The Fundred Dollar Bill Project is raising nationwide awareness of the environmental threat of lead-poisoning by collecting the funds necessary for a model remediation effort in New Orleans. Students and community members across the country are currently creating Fundred Dollar Bills — original, hand-drawn interpretations of $100 bills.

The Fundred Dollar Bill Project aims to collect three-million, hand-drawn interpretation of the $100 bill.

Completed Fundred artworks are sent to regional Collection Centers that are securely holding the valuable drawings. In Charlotte, McColl Center for Visual Art is an official Collection Center, serving as a repository for Fundred Dollar Bills created in the region.  In 2010, an armored truck, retrofitted to run on waste vegetable oil, began an 18,000-mile cross-country trip to pick up the bills from the Collection Centers.

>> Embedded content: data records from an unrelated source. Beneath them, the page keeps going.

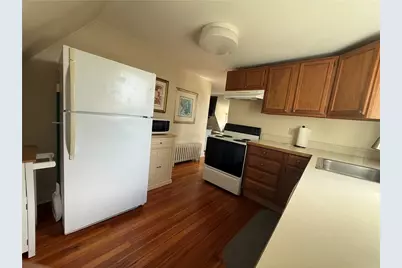 28 Calvert Street #3, Newport, RI 02840 - Photo 5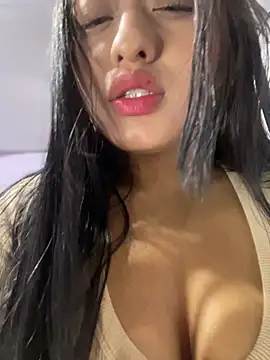 Estefanii- online show from February 2025 07:37:02 AM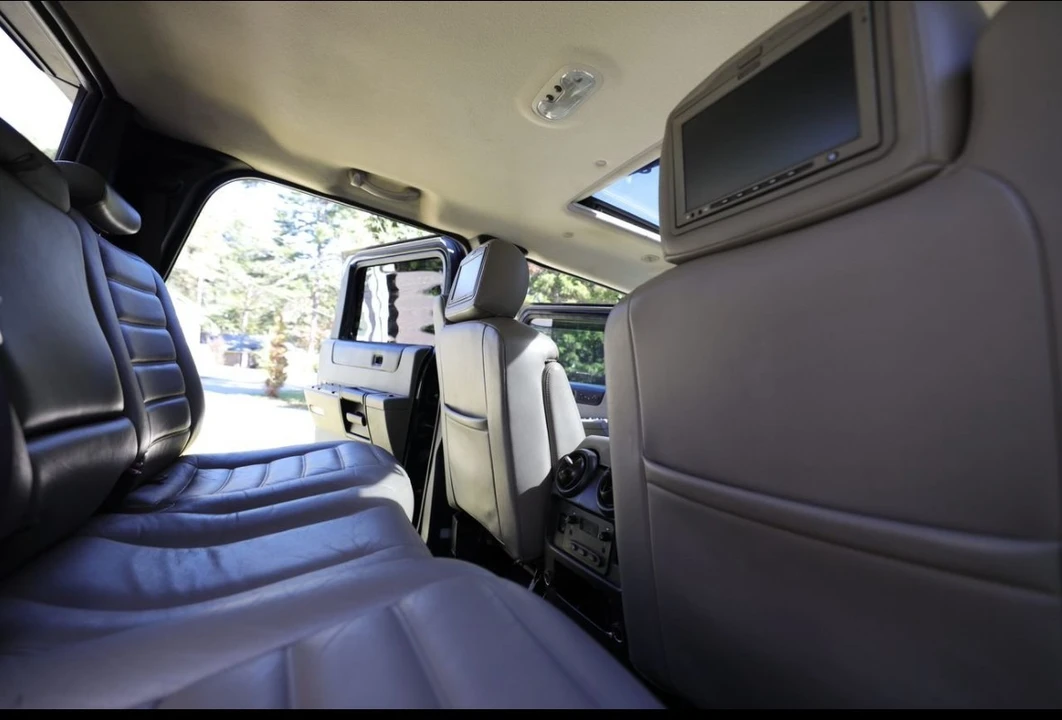 2005 Hummer Hummer H2 - Image 11 of 31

By 2014, the armored truck will deliver the Fundreds to Washington D.C. where a request will be made of Congress for an even exchange of the value of the art currency for actual funds and services to support the implementation of Operation Paydirt, a citywide landscape recovery program targeted for several cities in America. The Fundreds created and deposited at McColl Center for Visual Art will be picked up by this special armored truck as part of the 18,000 mile pick-up event.

To participate in the Fundred Dollar Bill project, visit the 2nd floor gallery to create your own interpretation of the $100 bill, now through November 3, 2012, during gallery hours.

Learn more about Mel Chin and the Fundred Dollar Bill Project by joining us at an upcoming program: 6 PM, Thursday, October 4 during Artist to Artist; Saturday, October 13 during Community Day; and Saturday, October 27 during Open Studio Saturday. Mel Chin will be in residence at McColl Center for Visual Art from September 17 through December 30.

Mel Chin’s work has been documented in the popular PBS program, Art of the 21st Century, and has received numerous awards and grants from organizations such as the National Endowment for the Arts, Art Matters, Creative Capital, Pollock/Krasner Foundation, Joan Mitchell Foundation, and The Rockefeller Foundation.